You’ve got to save smart to be smart.  Don’t worry, Money Maker, we’ve got your back.  Here are the big three financial instruments we like:

1. Go for TIPS and I-bonds to match inflation

If you’re a conservative saver – not a big risk taker – this one’s for you.  Neither tool will outpace inflation, but they will both match it.  And because the U.S. Treasury backs and guarantees them, you can never lose money from I-bonds even in the event of deflation.  You can buy both directly from the TreasuryDirect.gov website.

These savings tools are set up specifically to match inflation, so you don’t have to worry about falling behind:

  • Series I U.S. Savings Bonds (I-bonds): These are ‘Series I U.S. savings bonds’ that are linked to the inflation rate, so that the payout interest rate is the combination of a permanent fixed rate combined with the inflation-indexed rate determined twice annually.  They can be purchased online or by using a portion of your tax refund via Form 8888.
  • Treasury Inflation-Protected Securities (TIPS): These are inflation-indexed bonds issued by the U.S. Treasury, the value of a TIPS fluctuates with inflation as calculated by the Consumer Price Index, and when the TIPS matures you are then paid out whichever is greater, its original or adjusted value.  They are offered in 5, 10, or 30-year maturities.  They can be purchased online for from some banks and brokers.

The Treasury offers a comparison chart of both tools, but our take is that both offer inflation protection and accomplish the same goal well.  They have a low correlation with other asset classes, which is what you want when diversifying a broader portfolio.

2. Buy Commodities to Try to Beat Inflation

Commodities – or basic goods and natural resources such as gold, oil, minerals, and agricultural products – are a smart investment buy in times of inflation.  Inflation causes the prices of commodities to rise, so you can benefit from investing in something physical when its widely recognized value moves up and down with inflation.  You can purchase commodities via a broker, an ETF, or a mutual fund.

Like investing in other financial instruments, be sure to diversify when picking what commodities or funds to invest in since inflation is not the only factor that affects their price.  An oversupplied commodity could decline in price even with high inflation.

3. Invest in Equities to Diversify Your Portfolio

From an investor’s perspective, the problem with any savings account is that low risk means low reward.  In this low interest rate economy, there are big limits to what you can get back.  These days, even the best rates are not very compelling, so if you want more for your money, consider investing it in a variety of mutual funds and stocks.  If you can handle higher risk, you stand to make more with your money, particularly if you have more time.  Word to the wise: stock market investments are risky so always keep several months of emergency funds on hand.
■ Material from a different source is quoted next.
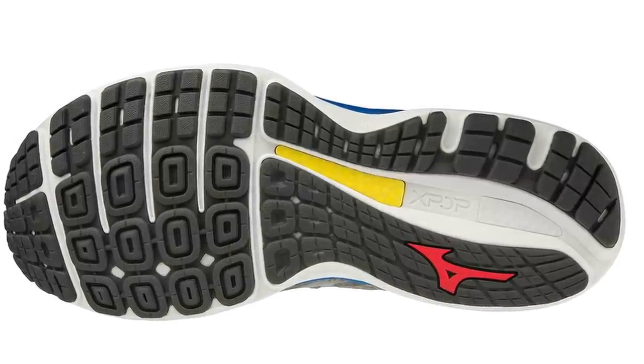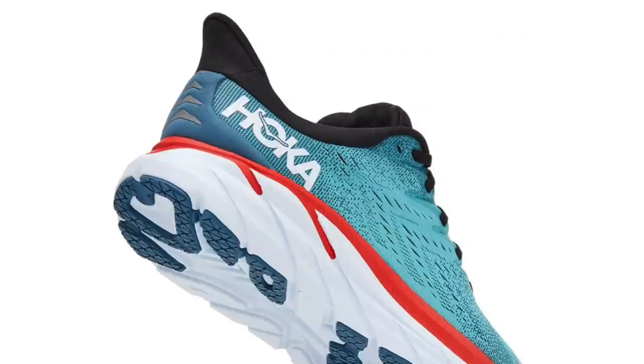Sidebar — I heard Adidas is coming back with another Pure Boost, which is super rad because I have the original Pure Boost. The Pure Boost was the predecessor before the Ultra Boost; there was also the Energy Boost, but the Pure Boost was the lifestyle one everybody loved before the Ultra Boost came out and jumped on that trend. Anyway, that was a sidebar — moving on.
Want to stick with more traditional forms of saving?

If you want to stick with the basics, that’s fine too – just be sure to look beyond the big banks to find the best rates. Surprise: a lot of the best checking and savings accounts that beat inflation are offered by local credit unions!  A recent NerdWallet study found that credit unions offer higher rates than competing institutions; 80% of accounts identified with a rate greater than 1.70% were a credit union product, the highest percentage seen in the past three months.

So if you bank with one of the big guys, your first step is to check out the interest rate they’re actually giving you and then shop around.  Our September 2012 interest rate monitor helps identify some deposit accounts that beat inflation.

Don’t Kiss Your Money Goodbye

Moral to the story, you’d better be monitoring your savings account to make sure that it’s beating inflation – otherwise you might as well be hiding your cash under your mattress.

The super low interest rates we’ve been seeing for years now are definitely limiting our options; our current economic landscape means you have to be extra particular about where you put your money.  We hope this guide helps out so you can truly become a successful Money Maker – not just a Money Keeper!